What is the :has() pseudo-class and is it supported in web scraping?

The :has() pseudo-class is a powerful CSS Level 4 selector that enables "parent selection" by allowing you to select elements based on their descendants. Often called the "parent selector," it represents a significant advancement in CSS selector capabilities for web scraping and DOM manipulation.

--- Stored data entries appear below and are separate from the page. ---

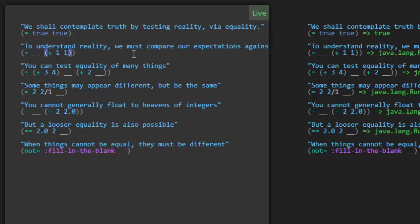The next one has the expression plus one and one. Like we saw before, plus is the function that we're calling, and we're passing parameters one and one. So this should evaluate to the number two. Let's see if that becomes two — are these equal? And yeah, that's true.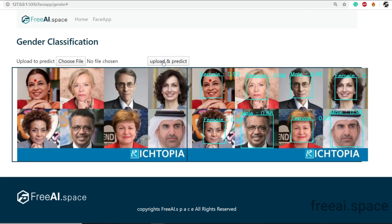Let's upload and predict with multiple faces. As you can see, our machine learning model is able to predict male and female accurately. This project is not only limited to the gender classification app — we can also build any image processing application, and this project can serve as the base for that.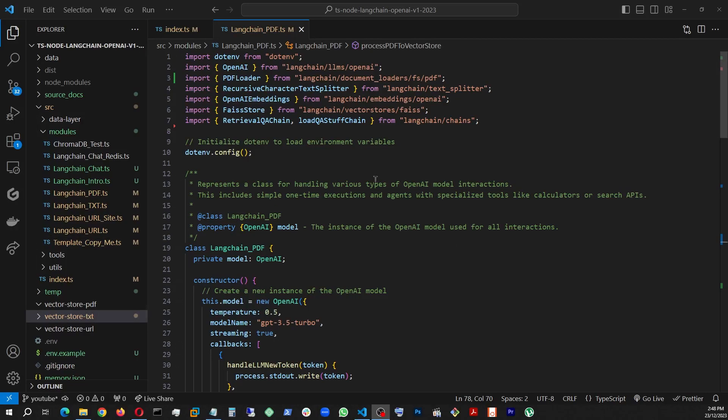Welcome back to the series. In this series, we've been focusing on learning the LangChain library, especially the JS part of it, with Node.js TypeScript and involving the OpenAI API to create applications.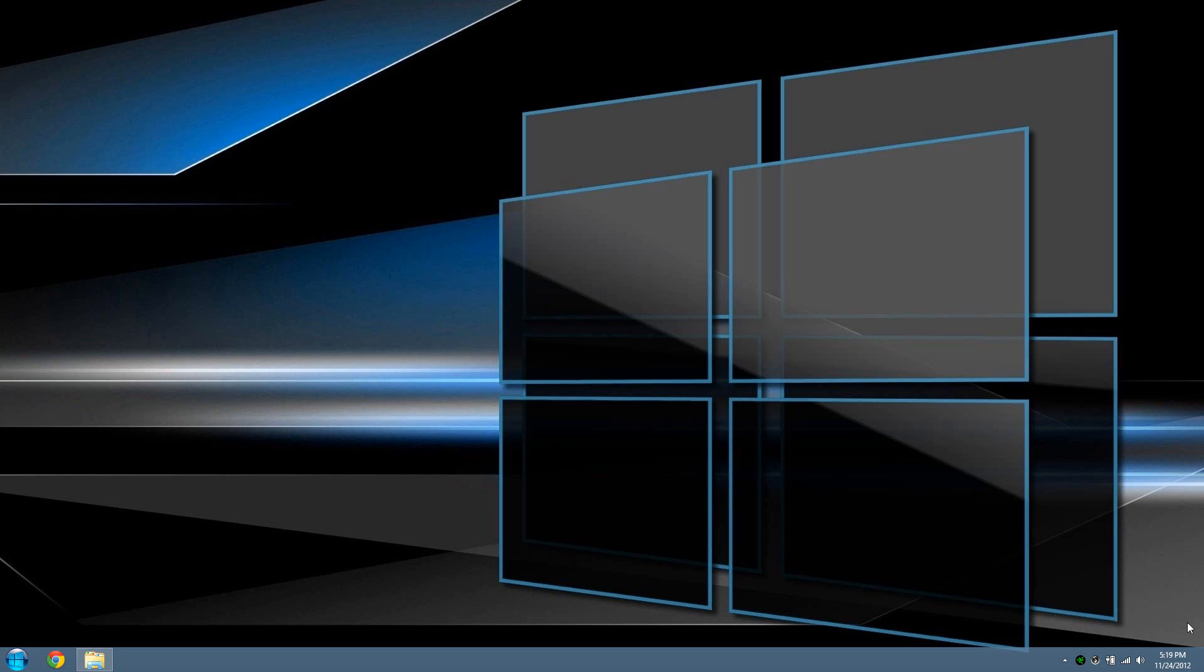The things I'm going to be pointing out are the menu show delay and the mouse hover time. I'm going to show you how to make both of these go a lot faster.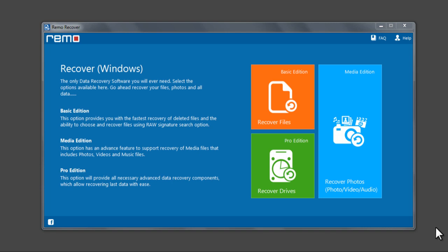Hi there, let me show you how to recover deleted files using Remo Recover Windows software.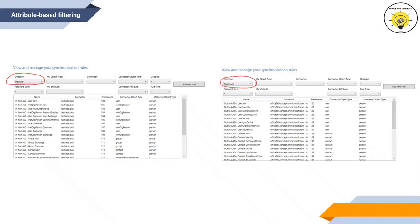The fourth type is attribute-based filtering, which is the most flexible way to filter objects. We can apply either inbound or outbound filtering to filter objects based on their attributes. For example, if extension attribute one contains 'test', that object will not be synchronized. We can create inbound or outbound synchronization rules based on conditions or attribute values to control whether a particular object is synchronized.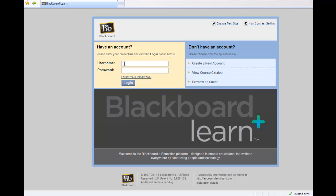If at any time you need help with those credentials, either username and/or password, you will need to contact your campus Blackboard administrator.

Understanding the :has() Pseudo-Class

The :has() pseudo-class selects elements that contain specific child elements or descendants. Its syntax follows the pattern:

parent:has(child-selector)

This selector targets the parent element when it contains a child matching the specified selector.

Basic Syntax Examples

/* Select divs that contain an h2 element */
div:has(h2)

/* Select articles that contain both an image and a paragraph */
article:has(img):has(p)

/* Select list items that contain a link with specific class */
li:has(a.external-link)

/* Select sections that don't contain any images */
section:not(:has(img))

Browser Support and Compatibility

Current Browser Support

As of 2024, :has() pseudo-class support varies across browsers:

Chrome/Edge: Full support since version 105 (September 2022)
Firefox: Full support since version 121 (December 2023)
Safari: Full support since version 15.4 (March 2022)
Mobile browsers: Generally supported in modern versions

Checking Support Programmatically

// Check if :has() is supported
function hasSupport() {
  try {
    document.querySelector(':has(div)');
    return true;
  } catch (e) {
    return false;
  }
}

console.log('Has support:', hasSupport());

Web Scraping with :has() Pseudo-Class

Python Examples with Selenium

from selenium import webdriver
from selenium.webdriver.common.by import By
from selenium.webdriver.chrome.options import Options

# Setup Chrome with modern version
options = Options()
options.add_argument('--headless')
driver = webdriver.Chrome(options=options)

try:
    driver.get('https://example.com')

    # Select articles that contain both title and author
    articles = driver.find_elements(
        By.CSS_SELECTOR, 
        'article:has(h2):has(.author)'
    )

    # Select product cards that have discount badges
    discounted_products = driver.find_elements(
        By.CSS_SELECTOR,
        '.product-card:has(.discount-badge)'
    )

    # Select navigation items with dropdown menus
    dropdown_navs = driver.find_elements(
        By.CSS_SELECTOR,
        'nav li:has(ul.dropdown)'
    )

    for article in articles:
        title = article.find_element(By.CSS_SELECTOR, 'h2').text
        author = article.find_element(By.CSS_SELECTOR, '.author').text
        print(f"Title: {title}, Author: {author}")

finally:
    driver.quit()

JavaScript Examples with Puppeteer

const puppeteer = require('puppeteer');

async function scrapeWithHasSelector() {
  const browser = await puppeteer.launch({ headless: true });
  const page = await browser.newPage();

  await page.goto('https://example.com');

  // Select blog posts that contain featured images
  const featuredPosts = await page.$$eval(
    '.blog-post:has(.featured-image)',
    posts => posts.map(post => ({
      title: post.querySelector('h2')?.textContent,
      image: post.querySelector('.featured-image img')?.src
    }))
  );

  // Select form fields that have validation errors
  const errorFields = await page.$$eval(
    '.form-group:has(.error-message)',
    groups => groups.map(group => ({
      fieldName: group.querySelector('label')?.textContent,
      errorMessage: group.querySelector('.error-message')?.textContent
    }))
  );

  // Select cards that contain call-to-action buttons
  const actionableCards = await page.$$eval(
    '.card:has(.cta-button)',
    cards => cards.map(card => ({
      title: card.querySelector('.card-title')?.textContent,
      ctaText: card.querySelector('.cta-button')?.textContent
    }))
  );

  console.log('Featured posts:', featuredPosts);
  console.log('Error fields:', errorFields);
  console.log('Actionable cards:', actionableCards);

  await browser.close();
}

scrapeWithHasSelector();

Advanced :has() Selector Patterns

Complex Nested Selections

/* Select tables that contain specific data patterns */
table:has(tr:has(td.price):has(td.discount))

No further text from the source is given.